Fertenbaugh also expressed concern over the 400-seat proposal since she said commissioners have asked that any construction address the lack of seats and growth issue.

After more discussion, Carpenter said she could be convinced to go to 500. Walter also added that the district is currently building a new elementary school in Harrisburg that will relieve the mobile units at Harrisburg Elementary School and Patriots STEM Elementary.

However, when it came time to vote, the motion failed 3-4 with members Robert Kirk, David Harrison, Shoemaker and Fertenbuagh dissenting.

That took the board back to the discussion on Shoemaker’s original motion which he said he would be willing to amend.

“Originally when we started talking about this my thinking was around trying to cut through to June 2020. I didn’t feel like it was much longer and we could do it. I would be willing to adjust this motion to keeping it open to June 30, 2020 and not add it to the realignment because if we add it to the realignment, when we close it in two years that would be a crutch. Then ask Cropper to keep the space at Royal Oaks as a swing just in case. Although us to get this into the 10-year plan. It would be basically everything we started in our motion except changing the date to 2020.”

After talking it out for a few more minutes, the board decided to take the word “closure” out of the motion and replace it with “vacate” and change the date to June 2020.

Below is the motion that was approved:

The approved site review and replacement proposal

The goal of the proposal is to keep the Beverly Hills student population together while the viability of a new facility on the school’s property is determined and, if viable, prioritized for funding.

1. Approve the temporary vacating of the current site effective June 2020

- Move students while there is the ability to swing the school together, maintain the majority of open Royal Oaks capacity for a Beverly Hills swing school

- Winecoff is expected to be the STEM option

- Avoid the potential of a mid-year move to multiple sites

- Accomplish operational savings and avoid on-going maintenance expenses

2. Begin a review and site plan high-level design in January 2019, commissioned by the school board with an outside firm with goals to achieve the following:

- Review costs not to exceed $20,000, request to be on the commissioner’s August agenda for funding approval

- Design mist achieve a minimum of 25 percent building core capacity growth-or- it must meet current building capacity and provide space for other district functions sich as the technology department

- Provide an estimate of building a new facility on the previous BHES site

3. Based on the results of the review:

- If the goals for capacity/space are achievable, and if the CCS average daily membership (ADM)numbers can accommodate not building a new elementary school for greater growth seats, place a new BHES on the 10-year capital plan

- Based on the county’s preference to fund portions of a construction project over multiple years, begin site preparation as soon as funded with new building construction to start on or after July 2022 with a two-year construction schedule (based on a cleared site)
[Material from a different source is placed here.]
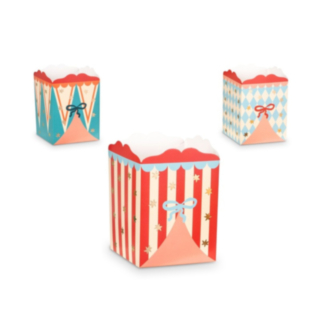 Cirkus Popcornbägare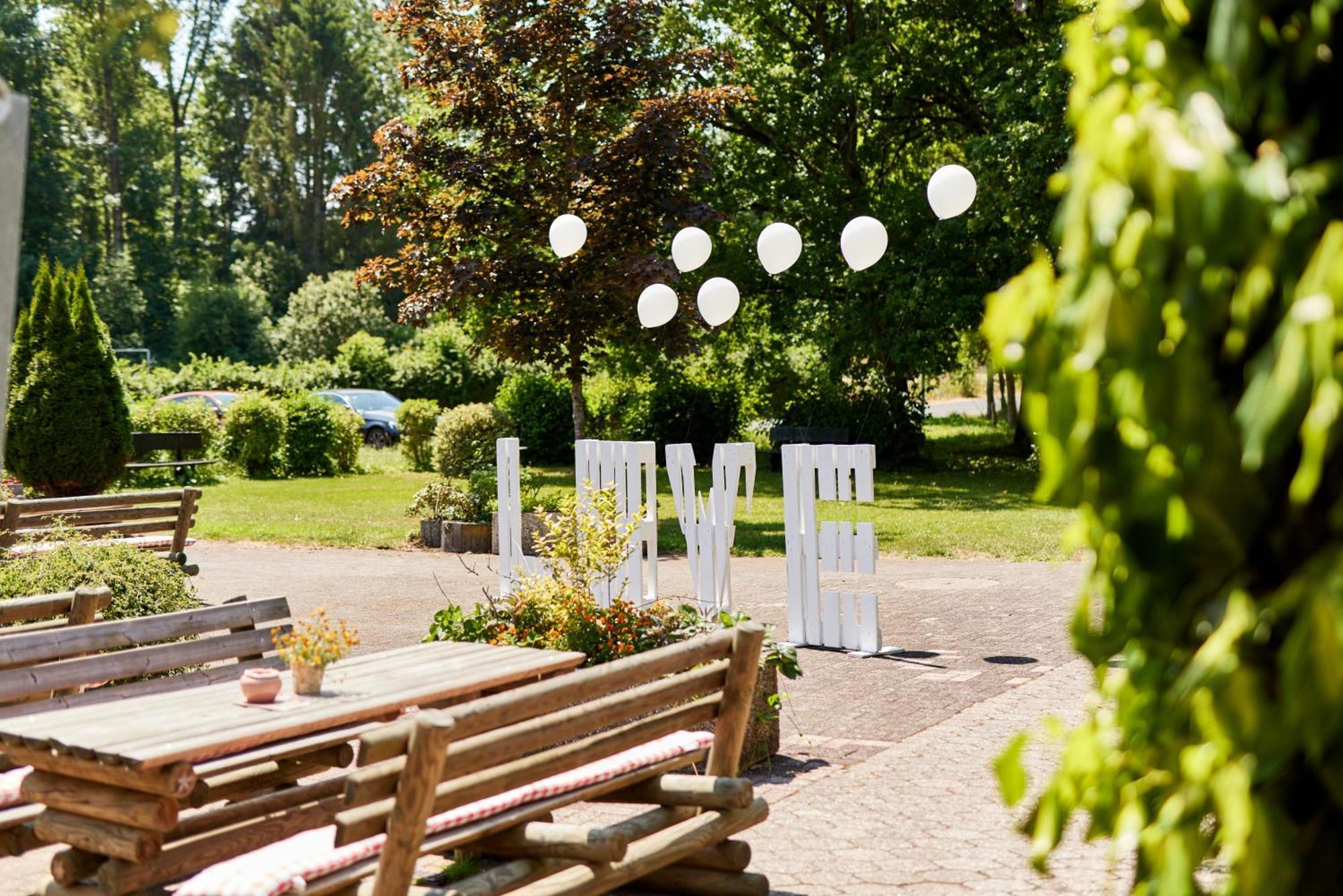 Hotelpark Der Westerwald Treff Oberlahr Exteriér fotografie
- The priorities remain to full fund one new middle school and the expanded R. Brown McAllister and obtain land for an expanded/replacement high school prior to funding the BHES project

4. Designate funding:

- The passage of the state school construction bond or the quarter-cent sales tax increase, with proceeds to be used for county and school construction needs, must be achieved to further delay in achieving the 10-year Capital Plan

- The board of education, together with the county commissioners, will make the final determination on the funding priorities and distribution to meet capacity needs.